Your task is to copy every line of the entries that contains "Size".

**Information provided**

-*-

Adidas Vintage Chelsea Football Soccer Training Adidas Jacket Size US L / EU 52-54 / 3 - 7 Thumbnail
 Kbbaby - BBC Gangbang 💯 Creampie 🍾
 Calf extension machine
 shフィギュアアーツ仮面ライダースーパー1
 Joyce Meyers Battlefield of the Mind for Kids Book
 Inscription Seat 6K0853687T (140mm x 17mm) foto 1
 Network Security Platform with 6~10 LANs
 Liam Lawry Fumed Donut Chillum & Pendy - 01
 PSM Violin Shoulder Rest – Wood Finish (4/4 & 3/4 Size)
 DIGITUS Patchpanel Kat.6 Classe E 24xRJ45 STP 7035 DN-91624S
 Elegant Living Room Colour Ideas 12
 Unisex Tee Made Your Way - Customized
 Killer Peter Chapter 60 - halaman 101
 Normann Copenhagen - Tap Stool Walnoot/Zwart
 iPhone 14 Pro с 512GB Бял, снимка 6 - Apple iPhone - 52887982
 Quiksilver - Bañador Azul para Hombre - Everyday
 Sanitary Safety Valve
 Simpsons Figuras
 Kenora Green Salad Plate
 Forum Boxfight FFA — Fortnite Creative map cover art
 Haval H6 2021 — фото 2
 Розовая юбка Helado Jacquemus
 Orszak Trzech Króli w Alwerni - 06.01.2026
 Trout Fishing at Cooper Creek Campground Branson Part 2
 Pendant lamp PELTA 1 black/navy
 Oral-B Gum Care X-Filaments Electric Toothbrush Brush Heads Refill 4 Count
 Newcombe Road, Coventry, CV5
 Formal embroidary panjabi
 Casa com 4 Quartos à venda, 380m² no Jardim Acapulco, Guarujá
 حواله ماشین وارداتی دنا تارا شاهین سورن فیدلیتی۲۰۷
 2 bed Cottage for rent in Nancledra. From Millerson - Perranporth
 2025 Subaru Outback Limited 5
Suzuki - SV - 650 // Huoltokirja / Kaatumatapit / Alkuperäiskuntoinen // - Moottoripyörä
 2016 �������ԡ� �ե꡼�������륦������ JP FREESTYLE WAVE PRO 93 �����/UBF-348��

-*-

**Task output**
Adidas Vintage Chelsea Football Soccer Training Adidas Jacket Size US L / EU 52-54 / 3 - 7 Thumbnail
 PSM Violin Shoulder Rest – Wood Finish (4/4 & 3/4 Size)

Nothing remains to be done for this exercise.